%%
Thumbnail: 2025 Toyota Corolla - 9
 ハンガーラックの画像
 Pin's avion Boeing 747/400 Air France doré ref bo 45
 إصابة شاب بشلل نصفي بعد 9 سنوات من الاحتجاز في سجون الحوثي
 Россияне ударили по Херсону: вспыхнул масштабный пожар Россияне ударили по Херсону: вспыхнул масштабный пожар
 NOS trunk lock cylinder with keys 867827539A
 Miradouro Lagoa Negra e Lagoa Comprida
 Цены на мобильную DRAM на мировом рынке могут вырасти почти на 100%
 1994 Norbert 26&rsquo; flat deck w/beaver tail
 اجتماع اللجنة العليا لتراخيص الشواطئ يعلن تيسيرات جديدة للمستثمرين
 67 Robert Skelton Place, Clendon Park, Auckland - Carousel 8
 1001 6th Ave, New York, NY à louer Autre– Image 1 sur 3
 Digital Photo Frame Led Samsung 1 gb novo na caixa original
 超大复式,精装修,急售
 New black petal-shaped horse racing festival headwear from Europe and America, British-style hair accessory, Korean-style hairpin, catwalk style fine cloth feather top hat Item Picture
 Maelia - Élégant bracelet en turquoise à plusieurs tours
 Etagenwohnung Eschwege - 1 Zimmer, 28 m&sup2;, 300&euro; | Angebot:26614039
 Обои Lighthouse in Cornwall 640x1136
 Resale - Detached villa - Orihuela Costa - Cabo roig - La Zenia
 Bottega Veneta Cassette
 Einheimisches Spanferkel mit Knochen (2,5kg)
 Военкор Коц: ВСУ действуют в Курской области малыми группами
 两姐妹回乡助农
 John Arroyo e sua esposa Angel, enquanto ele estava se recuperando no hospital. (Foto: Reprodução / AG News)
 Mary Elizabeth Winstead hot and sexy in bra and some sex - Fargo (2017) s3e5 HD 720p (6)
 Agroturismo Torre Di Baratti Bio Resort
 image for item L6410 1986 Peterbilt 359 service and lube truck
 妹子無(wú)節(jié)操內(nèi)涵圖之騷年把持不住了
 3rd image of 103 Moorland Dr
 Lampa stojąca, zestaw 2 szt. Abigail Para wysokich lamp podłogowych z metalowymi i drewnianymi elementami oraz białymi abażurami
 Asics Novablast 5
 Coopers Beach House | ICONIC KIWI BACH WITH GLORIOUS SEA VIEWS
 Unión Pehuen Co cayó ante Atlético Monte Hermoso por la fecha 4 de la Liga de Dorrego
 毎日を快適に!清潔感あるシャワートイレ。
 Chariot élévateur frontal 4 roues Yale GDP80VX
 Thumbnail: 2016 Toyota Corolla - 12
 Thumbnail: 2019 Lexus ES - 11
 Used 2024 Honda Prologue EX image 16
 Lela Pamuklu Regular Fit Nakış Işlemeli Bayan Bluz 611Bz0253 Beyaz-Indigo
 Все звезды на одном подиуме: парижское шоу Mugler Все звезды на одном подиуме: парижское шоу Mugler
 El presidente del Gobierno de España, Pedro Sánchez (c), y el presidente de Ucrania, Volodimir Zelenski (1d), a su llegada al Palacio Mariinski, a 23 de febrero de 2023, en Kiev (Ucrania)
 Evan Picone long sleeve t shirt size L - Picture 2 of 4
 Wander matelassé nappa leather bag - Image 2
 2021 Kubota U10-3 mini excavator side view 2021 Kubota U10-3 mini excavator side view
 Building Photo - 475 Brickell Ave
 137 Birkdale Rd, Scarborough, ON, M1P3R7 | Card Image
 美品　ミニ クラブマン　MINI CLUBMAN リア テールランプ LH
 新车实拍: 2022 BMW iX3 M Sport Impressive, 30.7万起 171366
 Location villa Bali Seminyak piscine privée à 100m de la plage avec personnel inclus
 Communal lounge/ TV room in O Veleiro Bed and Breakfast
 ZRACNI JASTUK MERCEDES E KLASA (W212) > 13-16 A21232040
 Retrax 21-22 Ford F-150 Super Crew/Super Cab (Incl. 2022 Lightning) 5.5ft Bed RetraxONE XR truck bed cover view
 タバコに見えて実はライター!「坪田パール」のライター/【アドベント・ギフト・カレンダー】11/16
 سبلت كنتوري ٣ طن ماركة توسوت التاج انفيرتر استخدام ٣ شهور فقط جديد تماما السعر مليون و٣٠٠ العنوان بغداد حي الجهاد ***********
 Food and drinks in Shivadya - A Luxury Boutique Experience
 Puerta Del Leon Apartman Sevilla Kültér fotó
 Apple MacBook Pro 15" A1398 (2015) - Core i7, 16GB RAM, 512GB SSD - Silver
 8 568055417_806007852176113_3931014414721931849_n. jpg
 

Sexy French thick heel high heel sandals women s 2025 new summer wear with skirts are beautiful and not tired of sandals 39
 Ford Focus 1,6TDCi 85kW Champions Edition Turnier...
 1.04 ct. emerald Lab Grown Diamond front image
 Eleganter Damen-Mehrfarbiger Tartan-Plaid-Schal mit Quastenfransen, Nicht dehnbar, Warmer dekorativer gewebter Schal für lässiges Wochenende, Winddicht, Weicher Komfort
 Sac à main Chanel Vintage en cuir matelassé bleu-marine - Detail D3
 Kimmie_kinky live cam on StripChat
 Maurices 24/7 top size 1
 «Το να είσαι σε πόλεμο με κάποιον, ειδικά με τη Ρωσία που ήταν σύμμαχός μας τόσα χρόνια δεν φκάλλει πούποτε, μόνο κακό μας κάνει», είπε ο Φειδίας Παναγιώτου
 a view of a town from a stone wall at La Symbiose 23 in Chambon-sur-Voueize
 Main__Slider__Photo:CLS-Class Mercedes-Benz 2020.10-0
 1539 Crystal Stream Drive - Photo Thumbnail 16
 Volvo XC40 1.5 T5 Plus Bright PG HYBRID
%%
• Exercise brief: Write the records out again so that each one matches the original exactly.

• Finished task:
Thumbnail: 2025 Toyota Corolla - 9
 ハンガーラックの画像
 Pin's avion Boeing 747/400 Air France doré ref bo 45
 إصابة شاب بشلل نصفي بعد 9 سنوات من الاحتجاز في سجون الحوثي
 Россияне ударили по Херсону: вспыхнул масштабный пожар Россияне ударили по Херсону: вспыхнул масштабный пожар
 NOS trunk lock cylinder with keys 867827539A
 Miradouro Lagoa Negra e Lagoa Comprida
 Цены на мобильную DRAM на мировом рынке могут вырасти почти на 100%
 1994 Norbert 26&rsquo; flat deck w/beaver tail
 اجتماع اللجنة العليا لتراخيص الشواطئ يعلن تيسيرات جديدة للمستثمرين
 67 Robert Skelton Place, Clendon Park, Auckland - Carousel 8
 1001 6th Ave, New York, NY à louer Autre– Image 1 sur 3
 Digital Photo Frame Led Samsung 1 gb novo na caixa original
 超大复式,精装修,急售
 New black petal-shaped horse racing festival headwear from Europe and America, British-style hair accessory, Korean-style hairpin, catwalk style fine cloth feather top hat Item Picture
 Maelia - Élégant bracelet en turquoise à plusieurs tours
 Etagenwohnung Eschwege - 1 Zimmer, 28 m&sup2;, 300&euro; | Angebot:26614039
 Обои Lighthouse in Cornwall 640x1136
 Resale - Detached villa - Orihuela Costa - Cabo roig - La Zenia
 Bottega Veneta Cassette
 Einheimisches Spanferkel mit Knochen (2,5kg)
 Военкор Коц: ВСУ действуют в Курской области малыми группами
 两姐妹回乡助农
 John Arroyo e sua esposa Angel, enquanto ele estava se recuperando no hospital. (Foto: Reprodução / AG News)
 Mary Elizabeth Winstead hot and sexy in bra and some sex - Fargo (2017) s3e5 HD 720p (6)
 Agroturismo Torre Di Baratti Bio Resort
 image for item L6410 1986 Peterbilt 359 service and lube truck
 妹子無(wú)節(jié)操內(nèi)涵圖之騷年把持不住了
 3rd image of 103 Moorland Dr
 Lampa stojąca, zestaw 2 szt. Abigail Para wysokich lamp podłogowych z metalowymi i drewnianymi elementami oraz białymi abażurami
 Asics Novablast 5
 Coopers Beach House | ICONIC KIWI BACH WITH GLORIOUS SEA VIEWS
 Unión Pehuen Co cayó ante Atlético Monte Hermoso por la fecha 4 de la Liga de Dorrego
 毎日を快適に!清潔感あるシャワートイレ。
 Chariot élévateur frontal 4 roues Yale GDP80VX
 Thumbnail: 2016 Toyota Corolla - 12
 Thumbnail: 2019 Lexus ES - 11
 Used 2024 Honda Prologue EX image 16
 Lela Pamuklu Regular Fit Nakış Işlemeli Bayan Bluz 611Bz0253 Beyaz-Indigo
 Все звезды на одном подиуме: парижское шоу Mugler Все звезды на одном подиуме: парижское шоу Mugler
 El presidente del Gobierno de España, Pedro Sánchez (c), y el presidente de Ucrania, Volodimir Zelenski (1d), a su llegada al Palacio Mariinski, a 23 de febrero de 2023, en Kiev (Ucrania)
 Evan Picone long sleeve t shirt size L - Picture 2 of 4
 Wander matelassé nappa leather bag - Image 2
 2021 Kubota U10-3 mini excavator side view 2021 Kubota U10-3 mini excavator side view
 Building Photo - 475 Brickell Ave
 137 Birkdale Rd, Scarborough, ON, M1P3R7 | Card Image
 美品　ミニ クラブマン　MINI CLUBMAN リア テールランプ LH
 新车实拍: 2022 BMW iX3 M Sport Impressive, 30.7万起 171366
 Location villa Bali Seminyak piscine privée à 100m de la plage avec personnel inclus
 Communal lounge/ TV room in O Veleiro Bed and Breakfast
 ZRACNI JASTUK MERCEDES E KLASA (W212) > 13-16 A21232040
 Retrax 21-22 Ford F-150 Super Crew/Super Cab (Incl. 2022 Lightning) 5.5ft Bed RetraxONE XR truck bed cover view
 タバコに見えて実はライター!「坪田パール」のライター/【アドベント・ギフト・カレンダー】11/16
 سبلت كنتوري ٣ طن ماركة توسوت التاج انفيرتر استخدام ٣ شهور فقط جديد تماما السعر مليون و٣٠٠ العنوان بغداد حي الجهاد ***********
 Food and drinks in Shivadya - A Luxury Boutique Experience
 Puerta Del Leon Apartman Sevilla Kültér fotó
 Apple MacBook Pro 15" A1398 (2015) - Core i7, 16GB RAM, 512GB SSD - Silver
 8 568055417_806007852176113_3931014414721931849_n. jpg
 

Sexy French thick heel high heel sandals women s 2025 new summer wear with skirts are beautiful and not tired of sandals 39
 Ford Focus 1,6TDCi 85kW Champions Edition Turnier...
 1.04 ct. emerald Lab Grown Diamond front image
 Eleganter Damen-Mehrfarbiger Tartan-Plaid-Schal mit Quastenfransen, Nicht dehnbar, Warmer dekorativer gewebter Schal für lässiges Wochenende, Winddicht, Weicher Komfort
 Sac à main Chanel Vintage en cuir matelassé bleu-marine - Detail D3
 Kimmie_kinky live cam on StripChat
 Maurices 24/7 top size 1
 «Το να είσαι σε πόλεμο με κάποιον, ειδικά με τη Ρωσία που ήταν σύμμαχός μας τόσα χρόνια δεν φκάλλει πούποτε, μόνο κακό μας κάνει», είπε ο Φειδίας Παναγιώτου
 a view of a town from a stone wall at La Symbiose 23 in Chambon-sur-Voueize
 Main__Slider__Photo:CLS-Class Mercedes-Benz 2020.10-0
 1539 Crystal Stream Drive - Photo Thumbnail 16
 Volvo XC40 1.5 T5 Plus Bright PG HYBRID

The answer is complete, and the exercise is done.